Market Overview: August 2018
Trade tensions continued to escalate in August, creating a disparity in equity returns across European and Asian markets (which were broadly negative) and US stocks which continued to rally. Sentiment toward emerging markets and risk assets declined steadily on the back of growing concerns over Turkey and Argentina. The South African rand felt the contagion effect as the local currency lost over 10% against all major currencies. South African equities, however, ended the month marginally higher as the weaker rand lifted Resources and rand-hedge stocks.
In the US, economic growth notched up its best performance in nearly four years after the Commerce Department revised Q2 GDP up to 4.2% (annualised), slightly higher than the 4.1% reported in July.
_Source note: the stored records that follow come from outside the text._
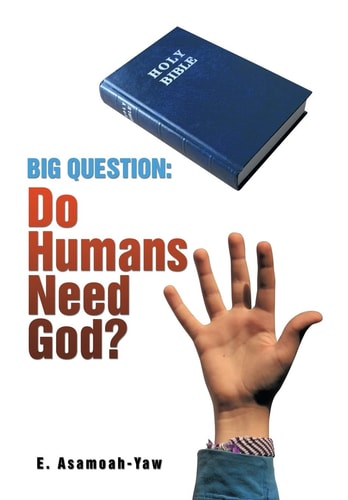 Big Question Do Humans Need God?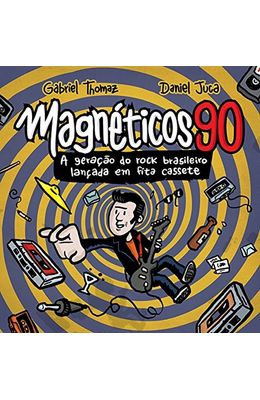 Magneticos-90---A-geracao-do-rock-brasileiro-lancada-em-fita-cassete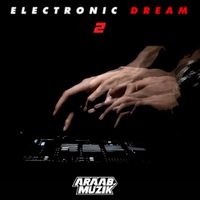 araabMUZIK - Electronic Dream 2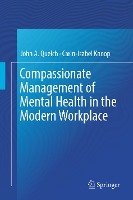 Compassionate Management of Mental Health in the Modern Workplace Quelch John A., Knoop Carin-Isabel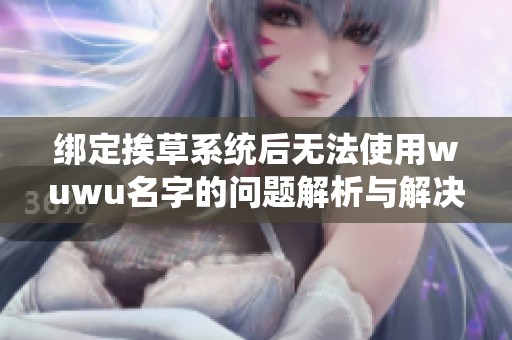 绑定挨草系统后无法使用wuwu名字的问题解析与解决方案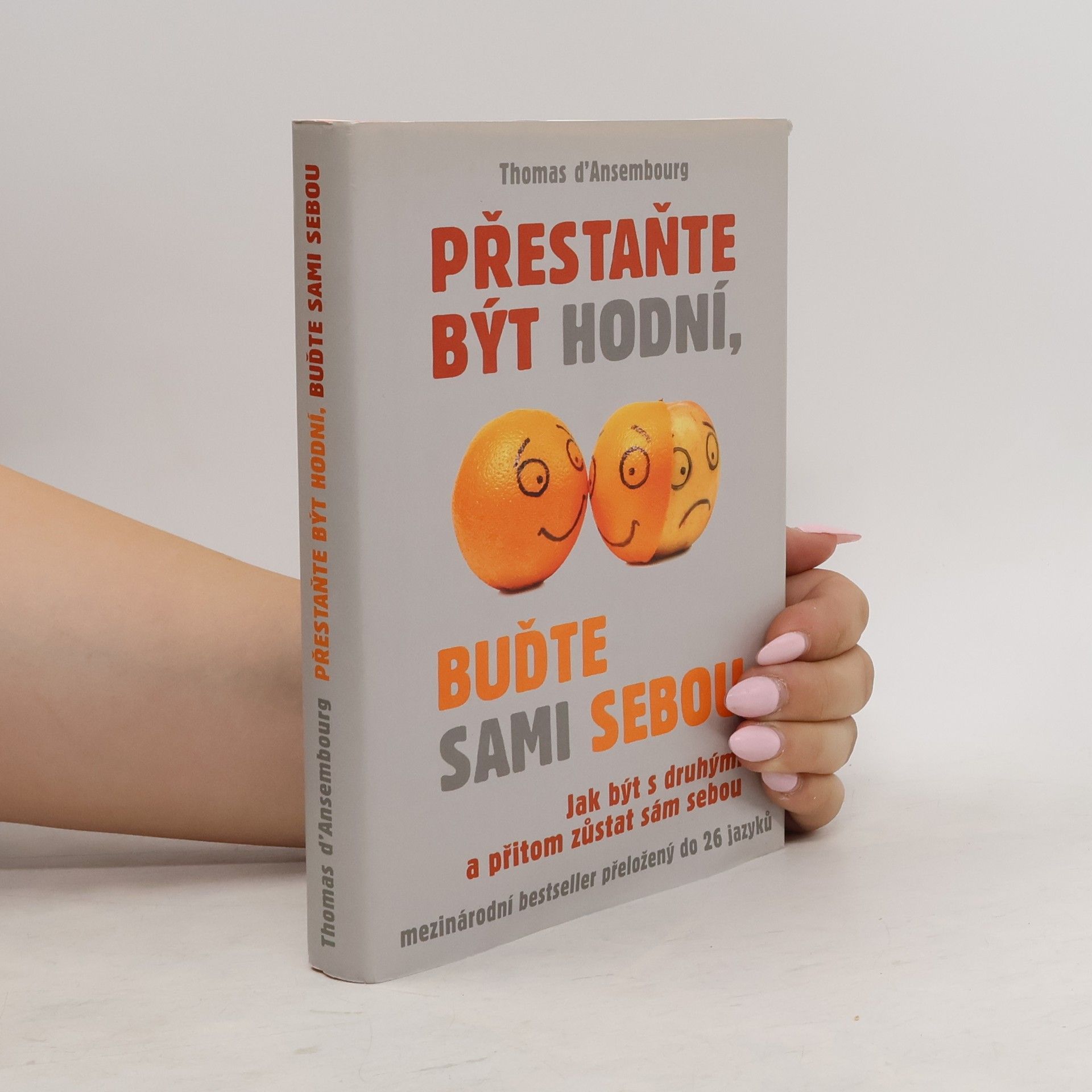 Thomas d. Ansembourg Přestaňte být hodní, buďte sami sebou: Jak být s druhými a přitom zůstat sám sebou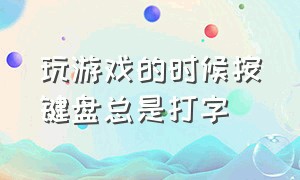 玩游戏的时候按键盘总是打字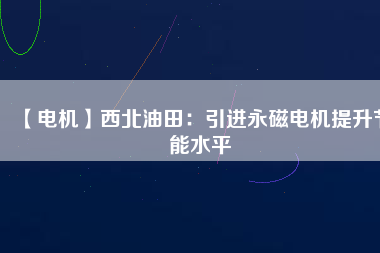 【電機】西北油田：引進永磁電機提升節(jié)能水平 - TECO東元電機 | 變頻器·伺服電機·減速機·電機解決方案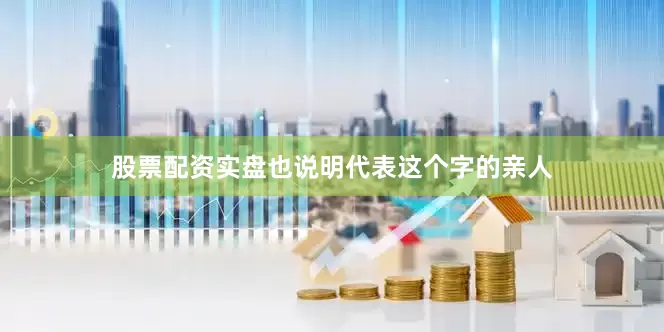 股票配资实盘也说明代表这个字的亲人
The yield on the benchmark 10-year Treasury note closed the month higher at around 2.9%, after the US Treasury embarked on a series of sizable debt auctions to fund higher budget deficits resulting from the Trump tax cuts. US stock markets ended in positive territory, with the Nasdaq passing the 8,000 point for the first time following the announcement that the US and Mexico had concluded a bilateral trade deal to revamp the North American Free Trade Agreement. Talks with Canada, however, remained at a stalemate. Meanwhile, the much-anticipated trade negotiations between US and Chinese officials concluded without any major resolutions, as the two powerhouse economies activated another round of tariff hikes.
In the UK, pound strength, escalating trade tensions as well as Brexit-related uncertainties continued to weigh on investor sentiment. This was compounded by renewed uncertainty around the future leadership of the Bank of England (BoE), with the BOE governor Mark Carney’s tenure set to come to a close ahead of Britain’s official exit from the EU. In August, the BoE increased interest rates above their financial crisis lows of 0.5% to 0.75% on the back of a strong labour market and credit growth. Eurozone inflation came in softer than expected at 2% y/y, compared with market expectations of 2.1%.
The US-China trade war continued to weigh on Chinese stocks, exacerbated by the new tariffs imposed on Chinese exports. The Hang Seng ended the month in negative territory at -2.1%. According to Bloomberg, Japan has now overtaken China as the second-largest stock market in the world.
Meanwhile, the oil price rose towards its highest price since early July thanks to a modest increase in output from OPEC, improving Chinese refining demand and imminent US sanctions on Iran. Oil producers participating in a supply-reduction agreement, including non-OPEC member Russia, cut output in July by an additional 9%. China’s independent refiners increased their imports of crude oil by 40%, while arguably the biggest catalyst for higher oil prices came from US sanctions on Iran’s energy sector, due to come into force in November. The price of Brent Crude closed the month 4.3% higher at US$77.42 per barrel, compared to US$74.25 per barrel at the close of July
Looking at global equity market returns (all in US$), the MSCI All Country World Index returned 0.8% in August. Developed markets outperformed emerging markets, with the MSCI World Index delivering 1.3% and the MSCI Emerging Markets Index returning -2.7%. Among developed markets, the S&P 500 produced 3.3%, while the technology-heavy Nasdaq 100 posted 6.0%. In Europe, the UK’s FTSE 100 returned -4.5%, while in Asia, Japan’s Nikkei 225 delivered 2.1%. The Bloomberg Barclays Global Aggregate Bond Index (US$) returned 0.1%, while the EPRA/NAREIT Global Property Index (US$) produced 1.3%.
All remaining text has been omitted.